Je suis toute nouvelle sur ce forum et dès qu'il y a un problème, je ne suis pas très douée en informatique !

J'ai un lecteur de carte Apollo "USB 2.0 6 in 1 External". Jusqu'à présent tout marchait très bien, mais ma carte mémoire San Disk s'est cassée et j'ai du en acheter une nouvelle. Étant en Chine et ne voulant pas faire d'erreur, j'ai racheté la même marque. J'ai donc une carte mémoire 8GB San Disk SDHC Card.

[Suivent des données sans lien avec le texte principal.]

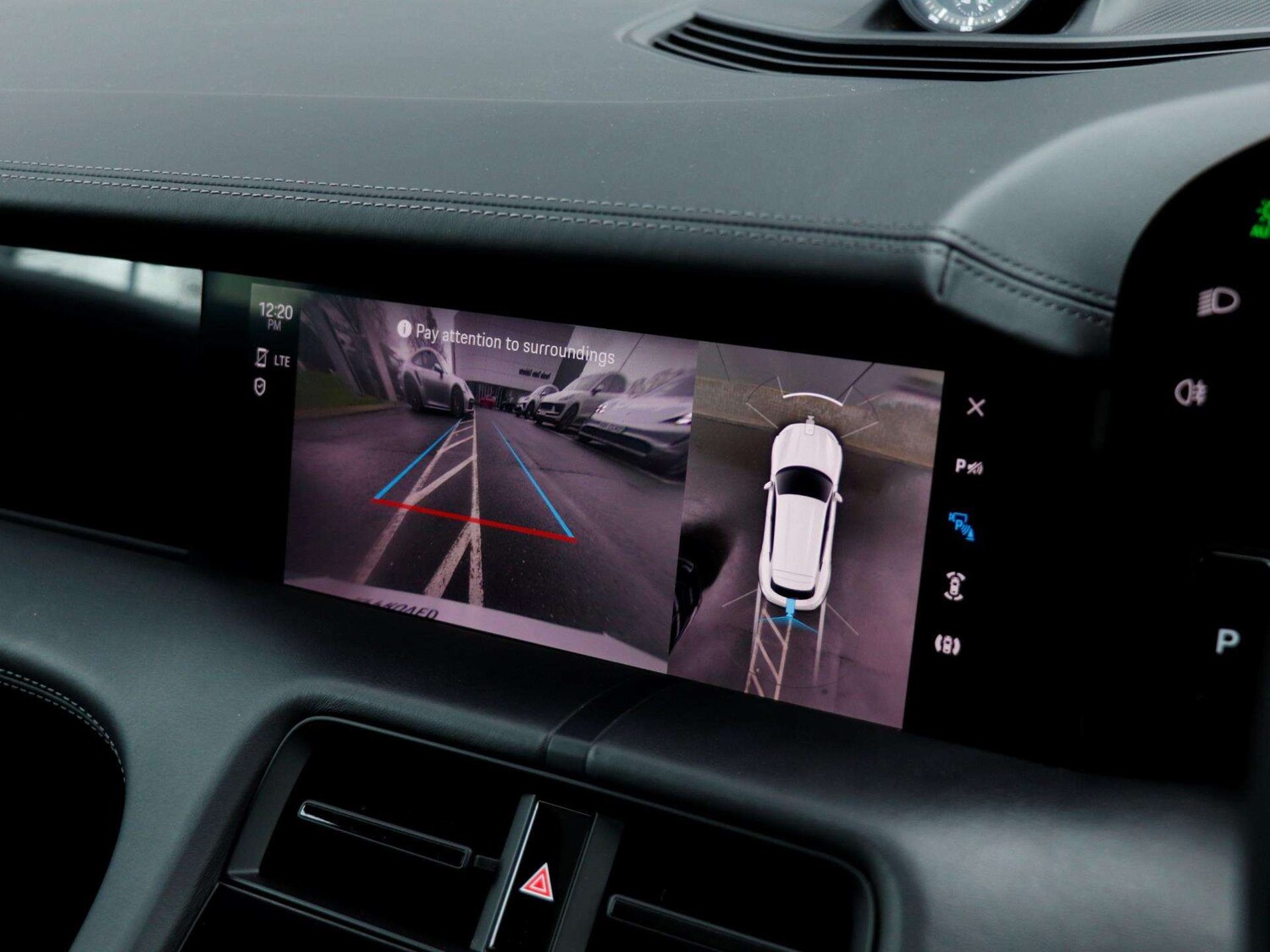 Used Porsche Taycan 2022 for sale - 77540675: Photo 16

Et lorsque je l'insère dans le lecteur de carte, lui même branché au port USB de mon Mac Book, rien ne se passe. Alors qu'avant, lorsque j'ouvrais iPhoto, le matériel était détecté et on me demandait si je voulais importer les photos.

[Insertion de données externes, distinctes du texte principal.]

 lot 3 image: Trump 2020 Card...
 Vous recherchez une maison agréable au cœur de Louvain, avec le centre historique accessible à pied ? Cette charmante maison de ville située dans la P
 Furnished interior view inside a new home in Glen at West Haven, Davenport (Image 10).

J'avais déjà eu le même problème il y a deux ans, avec l'achat d'une même carte mémoire SD en Turquie, mais vu que ça marchait avec le câble de l'appareil photo, je n'avais pas cherché plus loin et avais importer mes photos comme ça. Mais aujourd'hui je n'ai pas le câble et j'ai vraiment besoin d'importer mes photos au fur et à mesure !

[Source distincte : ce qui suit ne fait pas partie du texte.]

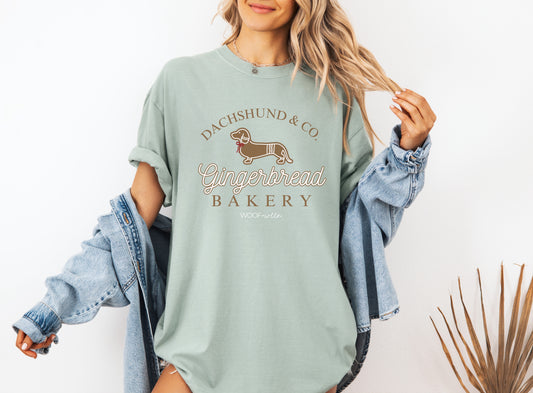 Dachshund Shirt - DACHSHUND GINGERBREAD BAKERY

J'ai essayé de changer de port USB, d'insérer la carte en premier, puis en dernier, mais rien n'y fait ! J'ai passé toute la matinée sur des forums à chercher une solution mais je n'ai rien trouvé... :/

Quelqu'un pourrait-il m'aider ? Merci beaucoup !


----------



## Anonyme (29 Mai 2012)

Bonjour,

Il se pourrait que les nouvelles cartes soient verrouillées, sur le coté de la carte on doit trouver un petit bouton poussoir qu'on peut déplacer 

Sinon vu la contenance de la carte (8 Go) il faudrait disposer d'un petit lecteur (MicroMate SanDisk) livré avec les cartes de forte capacité.


----------



## Arlequin (29 Mai 2012)

Bonjour et bienvenue

1) le verrouillage,on s'en fiche, c'est une protection contre l'écriture, pas contre la lecture 

2) effectivement, une carte de 8Go est une carte HC (haute capacité) > si le lecteur n'est pas compatible HC, il faudra en trouver un autre

bonne journée


----------



## Haleyco (29 Mai 2012)

Merci beaucoup de votre aide à tous les deux. Apparemment, je ne peux rien faire. Effectivement, le lecteur de cartes date un peu... :/ Quelle tristesse de devoir le changer alors qu'il fonctionne parfaitement avec d'autres cartes !
Malheureusement, rien n'était fourni lors de l'achat de la carte SD 8GB...

Merci quand même !  Bonne journée.


----------